▸ Instructions for the task
With all images left out, restate the records below exactly as written.

▸ Materials provided
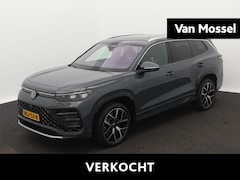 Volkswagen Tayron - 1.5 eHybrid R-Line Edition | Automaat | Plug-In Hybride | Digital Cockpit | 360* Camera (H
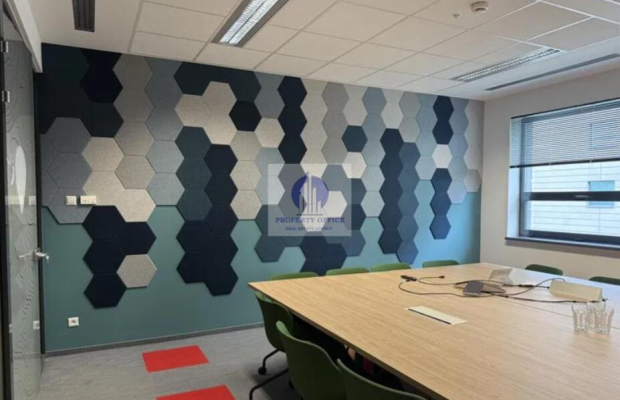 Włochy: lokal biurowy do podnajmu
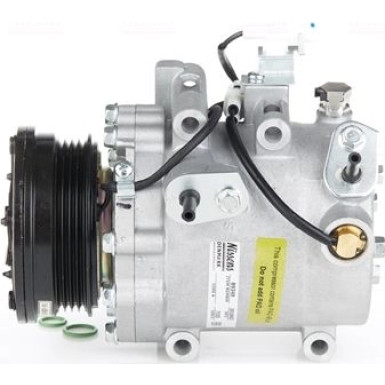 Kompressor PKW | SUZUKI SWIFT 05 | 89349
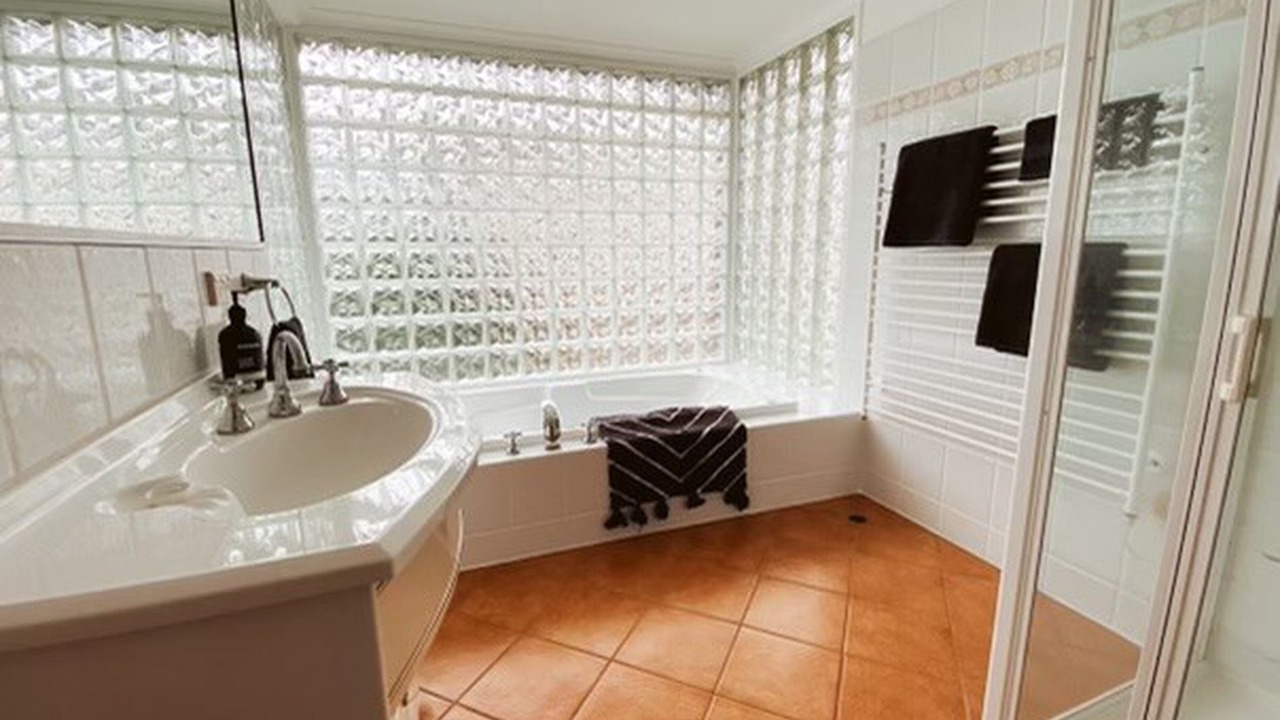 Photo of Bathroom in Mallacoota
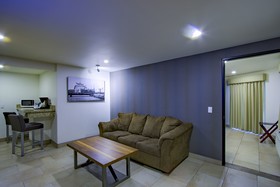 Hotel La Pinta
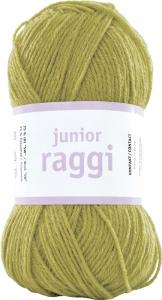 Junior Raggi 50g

▸ Written solution
 Volkswagen Tayron - 1.5 eHybrid R-Line Edition | Automaat | Plug-In Hybride | Digital Cockpit | 360* Camera (H
 Włochy: lokal biurowy do podnajmu
 Kompressor PKW | SUZUKI SWIFT 05 | 89349
 Photo of Bathroom in Mallacoota
 Hotel La Pinta
 Junior Raggi 50g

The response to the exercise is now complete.